Increasing evidence supports the Tibetan Plateau as one of the centers for cultivated barley domestication. In this study, we provide a draft genome of Tibetan hulless barley. This genome assembly is 3.89 Gb, accounting for about 87% of the whole genome, with high gene space coverage and high single-base accuracy. A genomic frame has been built by anchoring more than 89.4% of the assembly, comprising 33,928 out of 36,151 predicted genes, onto seven chromosomes. These data allow us to reinspect the divergent time between barley and other important Poaceae crops, especially species of the Triticeae tribe, by whole genome-wide in-depth analyses, as well as the WGD, synteny relationship, chromosome rearrangements, and gene families. These results not only present an exhaustive delineation of the Poaceae families’ evolution but also build substantial genomic groundwork and a good reference for marker development and gene identification in Triticeae crops with huge and repetitive genomes.

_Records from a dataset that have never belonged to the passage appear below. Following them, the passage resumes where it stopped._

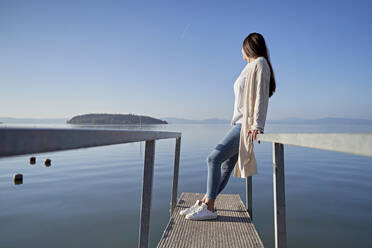Junge Frau steht auf einem Steg über dem See - FMOF01491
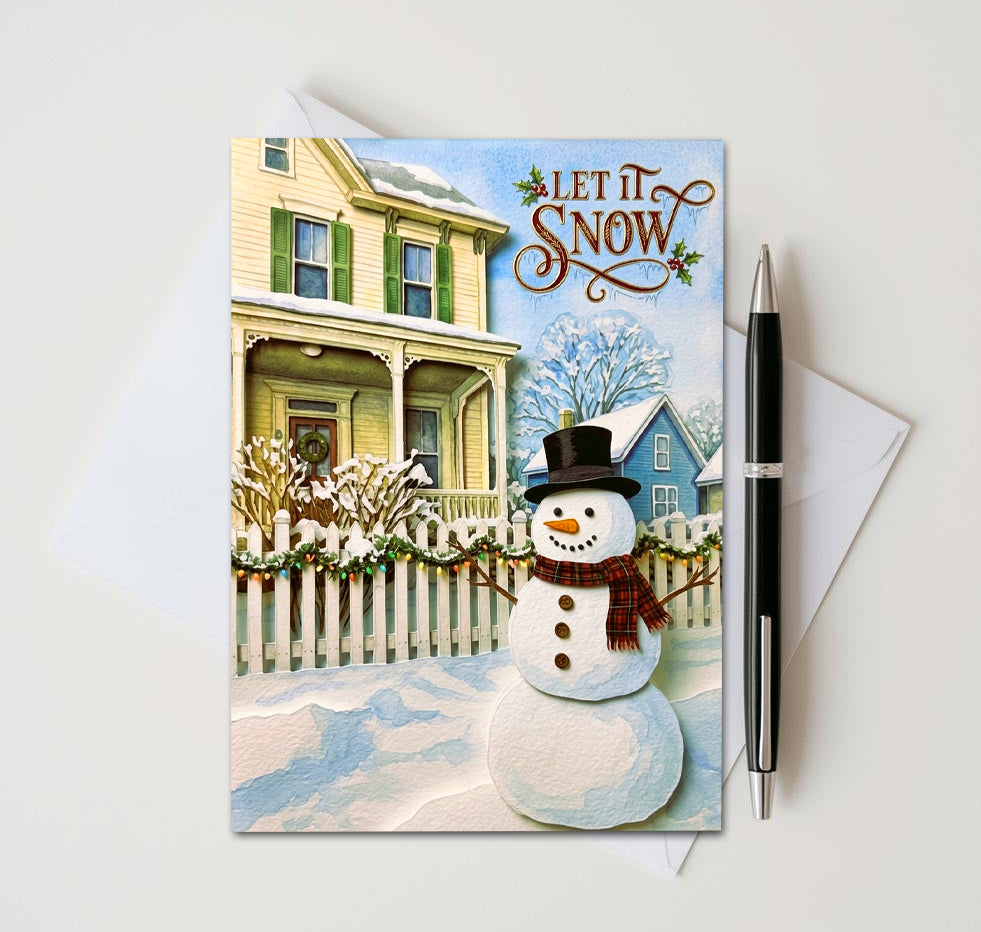 Let It Snow card with top-hat snowman beside a white picket fence and yellow house
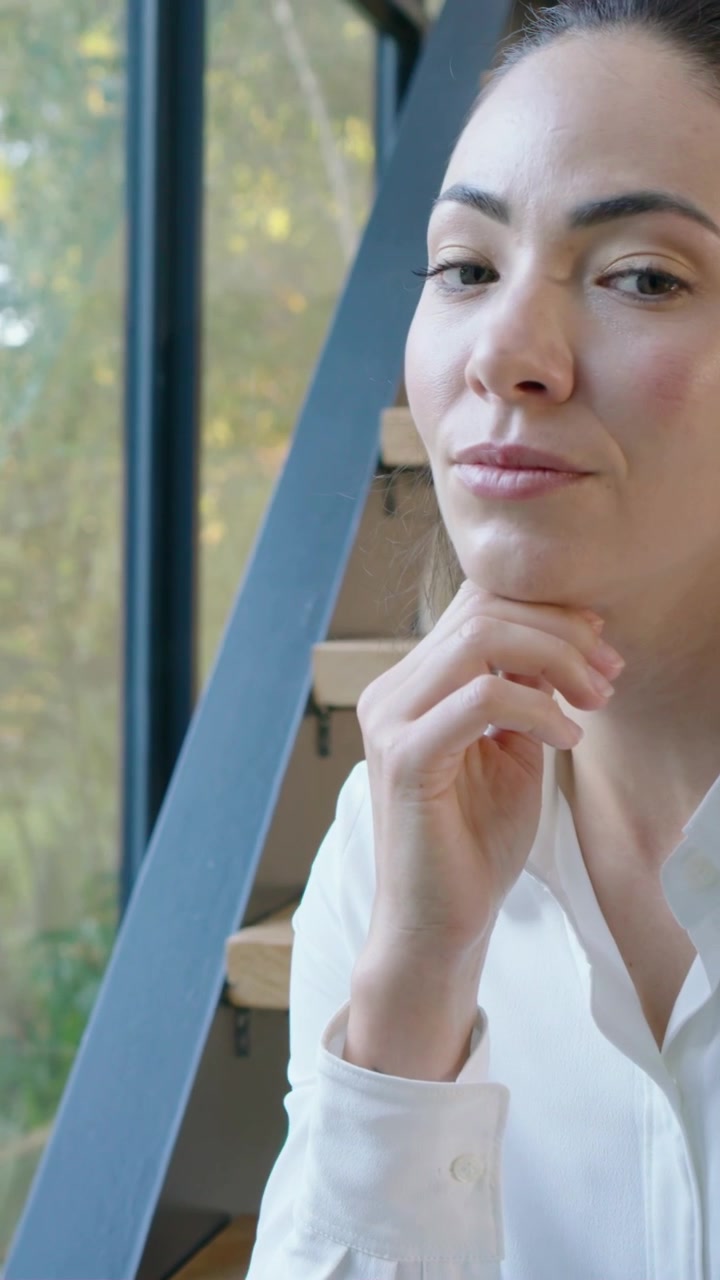 Video verticale: Donna seduta sulle scale con una sciarpa si tiene il mento, spostando lo sguardo mentre la telecamera si avvicina.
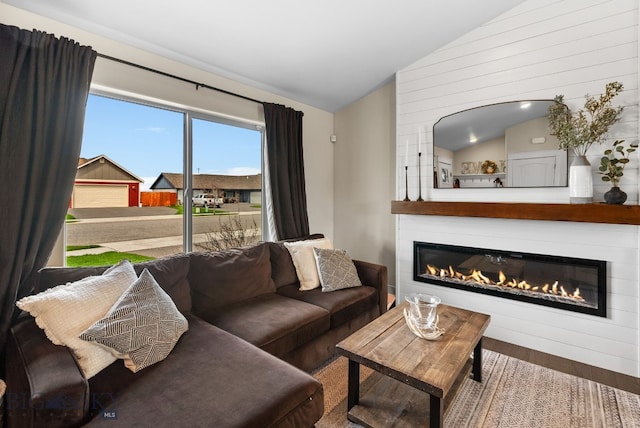 living area with vaulted ceiling, wood finished floors, and a fireplace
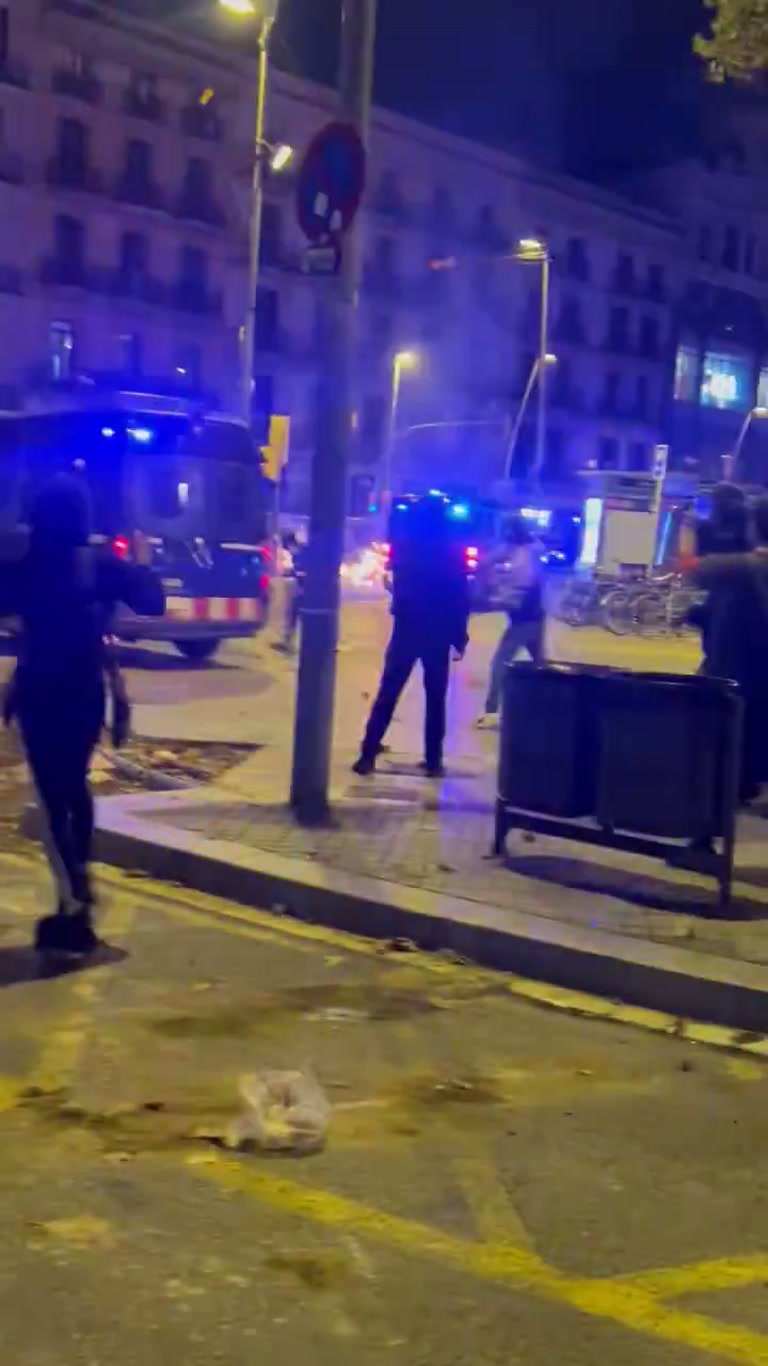 Barcelona Street Turns Chaotic as Blue Lights Flood the Night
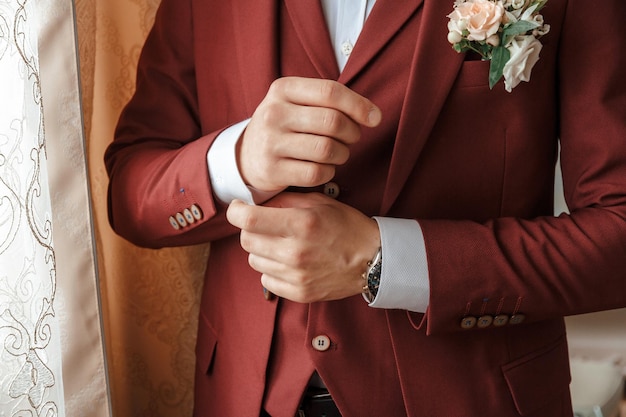 Closeup of a groom in maroon suit correcting a sleeve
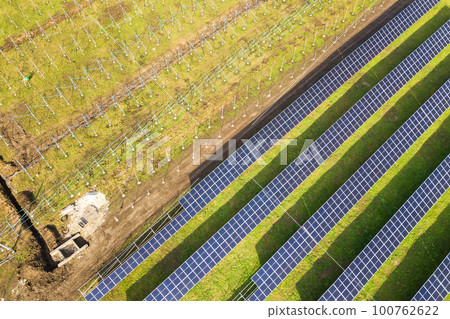 Aerial view of solar power plant under construction on green field. Assembling of electric panels for producing clean ecologic energy. 100762622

The high genome coverage resequencing of 10 Tibetan wild and cultivated barley generated robust numbers of SNPs, among which the wild group contains nearly twice the SNP number than that of the cultivated group. θ_π, θ_w, and Tajima’s D values also indicate the significantly lower genetic diversity in cultivated accessions, reflecting the genetic bottlenecks introduced during domestication. Although the divergences between the Tibetan wild and cultivated barley are evident, they are even closer in comparison with barley accessions from Europe, East Asia, and Israel, which are sequenced by IBSC. This result came from analyses of PCA, STRUCTURE, F_st, and cluster and is consistent with that obtained by transcriptome sequencing (12). Therefore, introducing the gene pool of Tibetan wild barley and those from non-Tibetan groups into Tibetan hulless barley may be helpful in widening the genetic background of Tibetan hulless barley.

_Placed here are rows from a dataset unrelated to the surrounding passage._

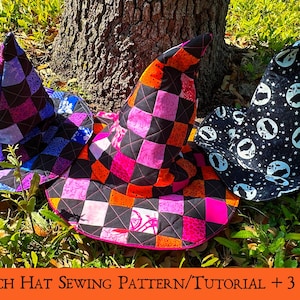 Può includere: Tre cappelli da strega fatti a mano in vari colori e motivi. Uno è nero con stelle e lune bianche, un altro è rosa, arancione e nero a scacchi, e il terzo è blu, viola e nero a scacchi. I cappelli sono sull'erba verde.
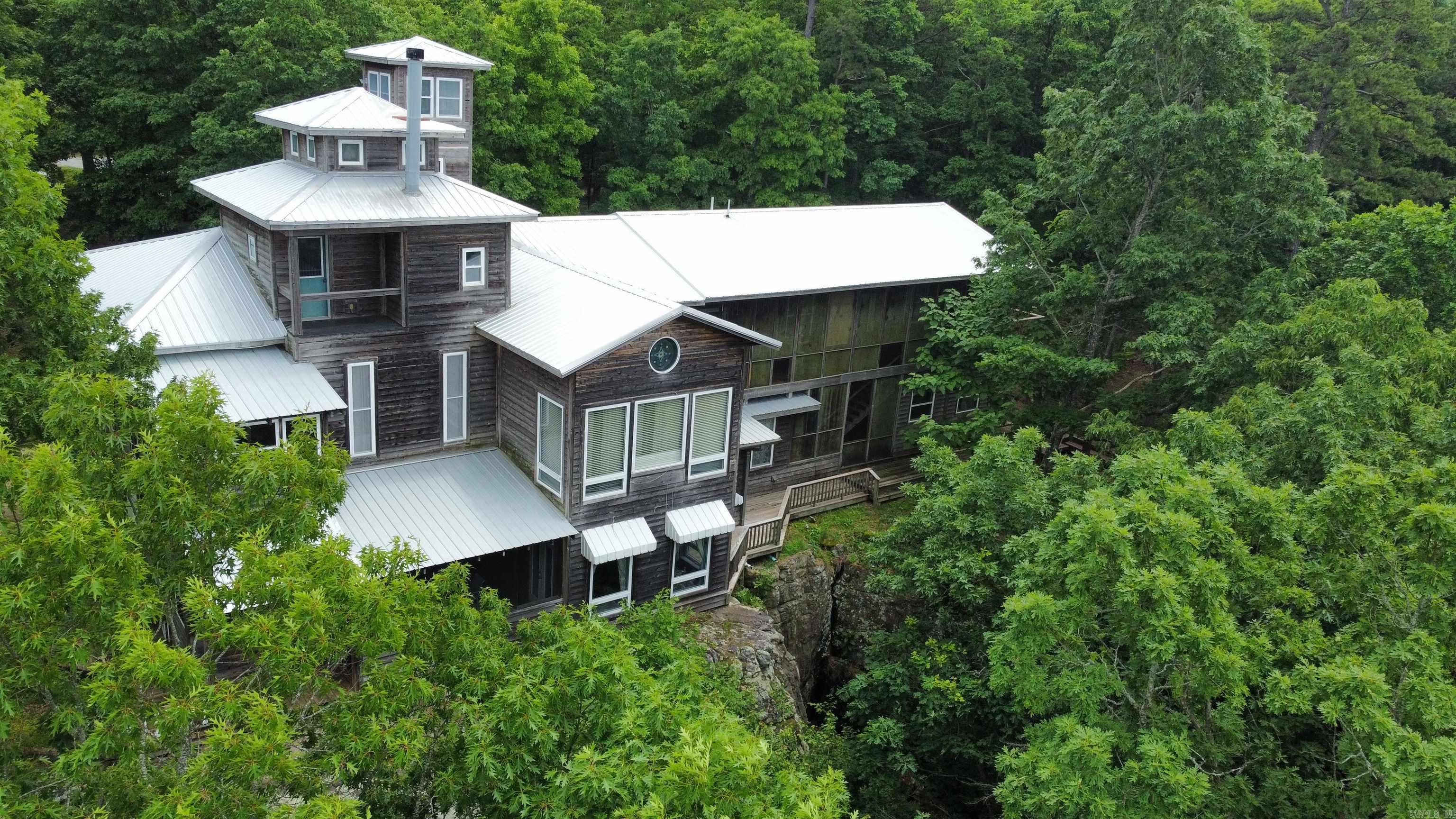 Perched high on a bluff with sweeping views of the majestic Ozark Mountains, this extraordinary estate offers luxury, privacy, and panoramic natural beauty. This expansive home is a true sanctuary, featuring a stunning lap pool perfect for morning swims, a grand great room with soaring ceilings and floor-to-ceiling windows, and a spacious living room ideal for entertaining or quiet evenings in. The gourmet kitchen is a chef’s dream with top-of-the-line appliances, generous counter space, custom cabinetry and stained glass throughout the house! Enjoy cinematic experiences in the private movie theater or unwind with a good book in the cozy reading room or elegant library. A whole-house sound system ensures your favorite music follows you from room to room. Ascend the lookout tower for breathtaking 360-degree views or descend the private staircase that winds down the bluff to a peaceful creek below. This one-of-a-kind mountain retreat blends refined luxury with the tranquil beauty of the Ozarks—an unforgettable place to call home.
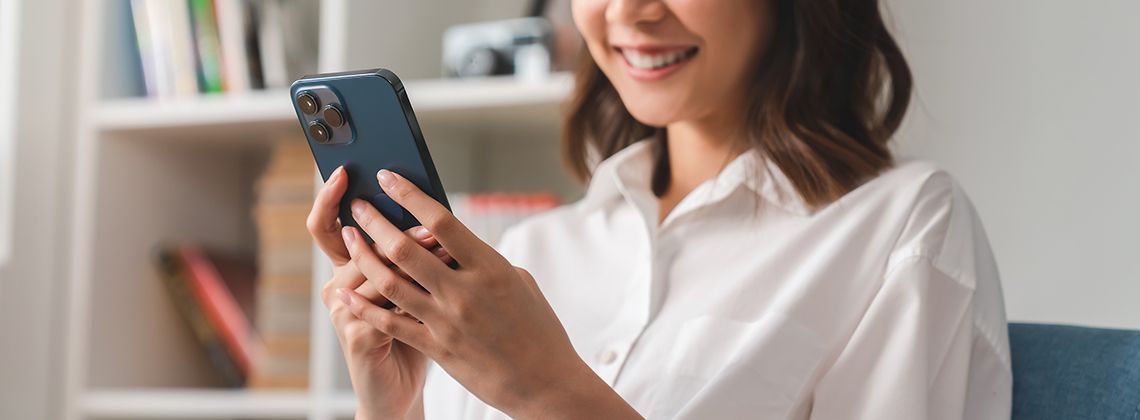 Social Media Managerin blickt lächelnd auf ein Smartphone, das sie in den Händen hält.
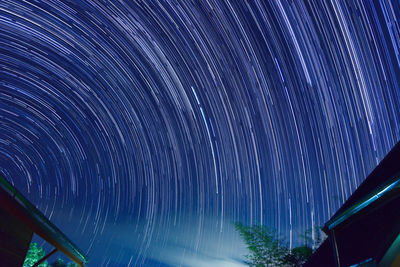 Low angle view of illuminated sky at night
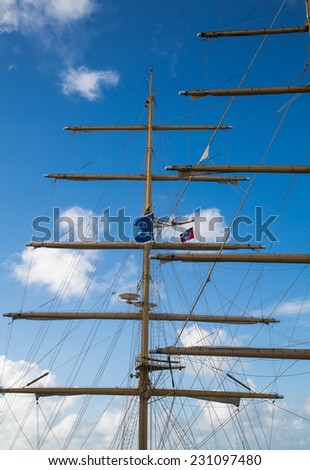Wood masts of an old clipper ship against a nice sky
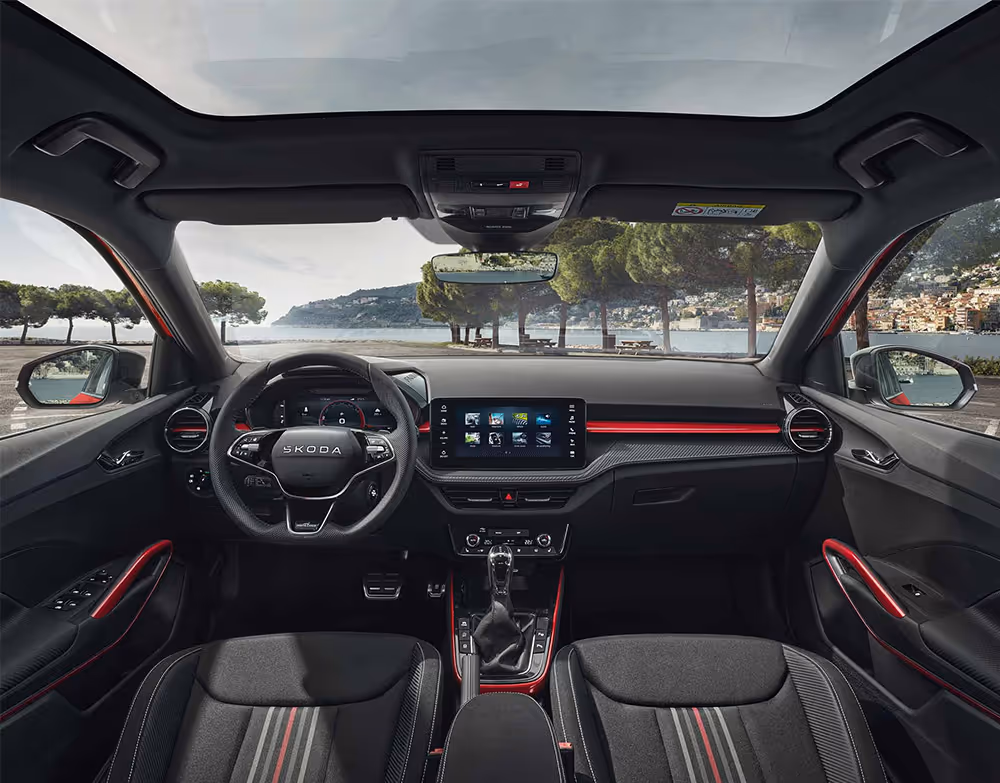 Eine weite Innenansicht zeigt das gesamte Cockpit eines Škoda Fabia mit der Design Selection Monte Carlo. Das dynamische Interieur besticht durch Sportsitze in Schwarz-Rot mit Carbon-Optik-Dekor und markanten roten Akzentleisten am Armaturenbrett. Ein Sportlederlenkrad mit roten Nähten und der Infotainmentbildschirm runden das Design ab. Durch die Windschutzscheibe ist eine malerische Küstenlandschaft mit Bäumen und einem Gewässer zu sehen.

To adapt to the harsh environments of the plateau, Tibetan hulless barley may have been domesticated under distinct processes of natural selection compared with the cultivated barley from other parts. Therefore, it will be interesting to uncover evolutionary evidence for its adaptation by comparative analyses. From a gene family comparison with Ae. tauschii–T. urartu, we found significant gene family expansion in the barley lineage (P < 0.05) with overrepresenting GO terms of regulation of transcription, transcription factor activity, defense response, etc. (SI Appendix, Table S27). This may enable Tibetan hulless barley more flexibility to regulate its adaptation to extreme environmental challenges at high altitudes. For example, the ERF and DREB transcription factors that related to biotic and biotic stresses (20, 21) and cold-acclimated related genes (7) were expanded in the Tibetan hulless barley lineage (SI Appendix, Table S28).

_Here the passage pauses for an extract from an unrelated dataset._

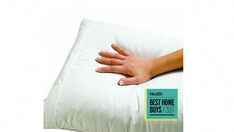 a person's hand on top of a pillow with the words best home buys 2009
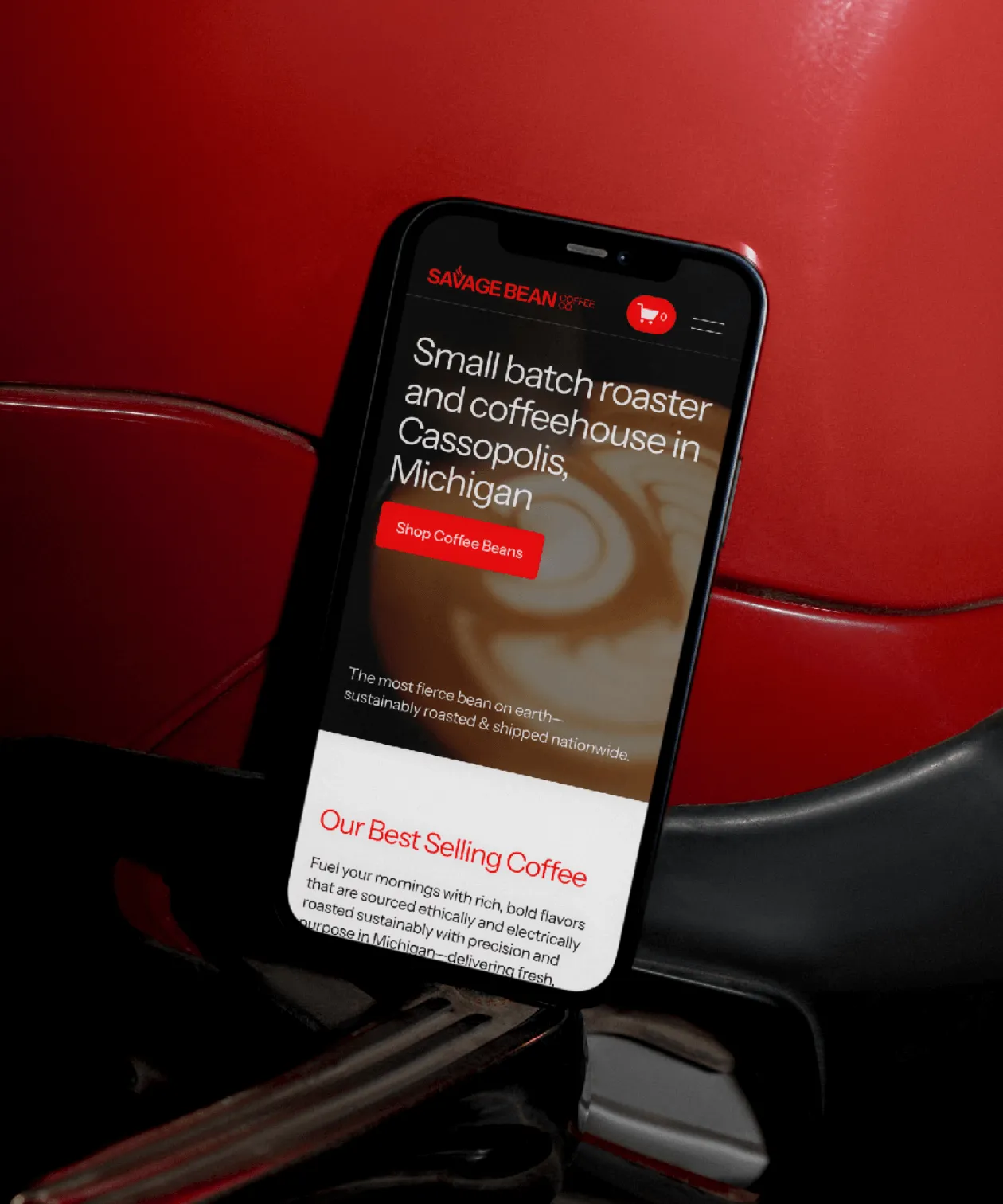 Homepage of Savage Bean Coffee Co website in front of red background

Moreover, Ka/Ks analysis showed more positively selected genes between Tibetan hulless barley and Morex (Ka/Ks > 1) than between other species (SI Appendix, Fig. S17). A considerable number of these genes are involved in pathways related to environmental responses and adaptation, such as plant hormone signal transduction, replication and repair, plant–pathogen interaction, etc. (SI Appendix, Table S29). Similar results come from the selective sweep analyses between Tibetan and non-Tibetan barley. The adaptive correlation of individual genes with extensive stressful environmental variables was demonstrated. They are enriched in pathways related to environmental adaptation or stress response. For example, phenylpropanoid biosynthesis and flavonoid biosynthesis are essential for accumulation of chemical sunscreens in protecting against ultraviolet (UV) radiation in plants (26). Plant hormone signal transduction pathways are not only important for germination, growth, and development, but also play key roles in responses to biotic and abiotic stress. Intriguingly, almost 45% of selected regions were linked to chromosome 7H, which indicated that more adaptation-related genes may lie on the chromosome that undergoes more severe selection. The selected regions provide targets for identification of adaptation-related genes from Tibetan barley. For example, a previously known drought stress-related quantitative trait locus (QTL), QRwc.TaEr-7H.2, which is associated with leaf relative water content, was found in selective sweep regions (SI Appendix, Fig. S21) (27). These results will facilitate crop improvement toward sustainable supplies of food, feed, and industry resources for people living on the highland and around the world.

Methods

Sequencing and Assembly.

Genomic DNA was isolated from a landrace of Tibetan hulless barley L. goumang. Paired-end sequencing (PE151, PE101, PE91, and PE50) was performed on the Illumina HiSeq2000 platform for short insert size libraries including 250, 500, and 800 base pairs (bps) and mate-pair libraries of 2 kb, 5 kb, 10 kb, 20 kb, and 40 kb. A stringent filtering process on raw reads was done to remove low quality, adapter contamination, small insert, and PCR duplicated reads. Short insert size data were further corrected by the ErrorCorrection module in SOAPdenovo2 (28). When conducting the assembly using SOAPdenovo2, we constructed contigs using corrected short insert size data with the K-mer parameter set to 67 and built a scaffold using all paired-end clean data. We used SSPACE-V1.1 (29) to construct a superscaffold with all mate-pair clean data. GapCloser (28) was used to fill gaps within the scaffold to improve the contig N50 length.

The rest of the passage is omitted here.